#### [Data extract]
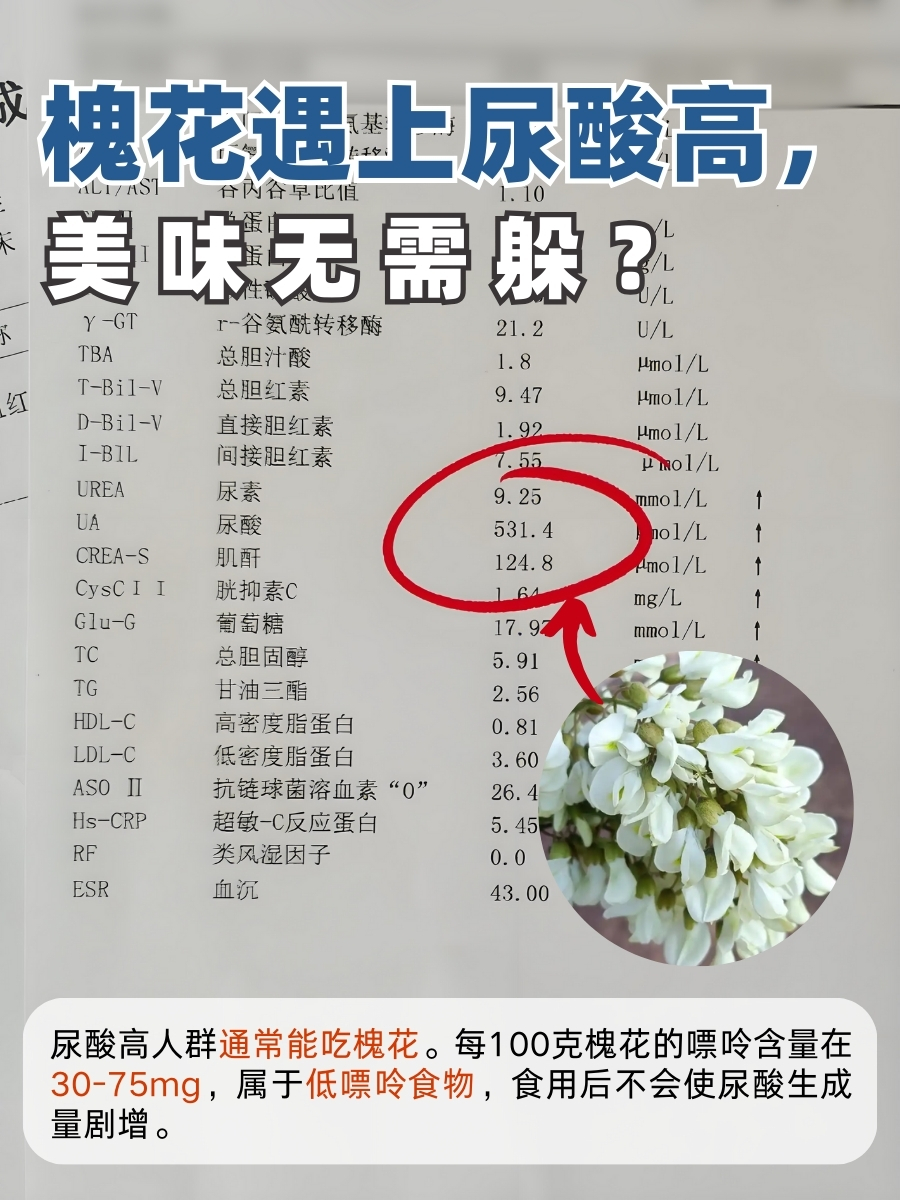 槐花遇上尿酸高，美味无需躲？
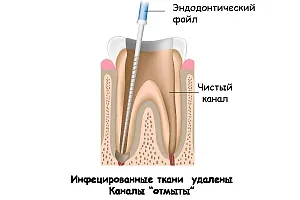 Ендодонтичне лікування кореневих каналів зубів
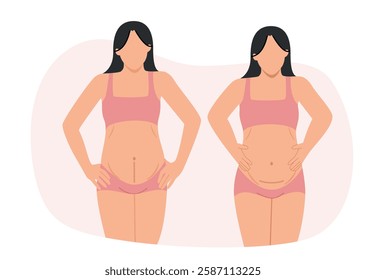 Two women with cesarean section wounds that are horizontal along the waistband of their panties and vertical below their navel.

#### [Exercise directions]
The copy must match the listing above exactly but contain no pictures.

#### [Response]
 槐花遇上尿酸高，美味无需躲？
 Ендодонтичне лікування кореневих каналів зубів
 Two women with cesarean section wounds that are horizontal along the waistband of their panties and vertical below their navel.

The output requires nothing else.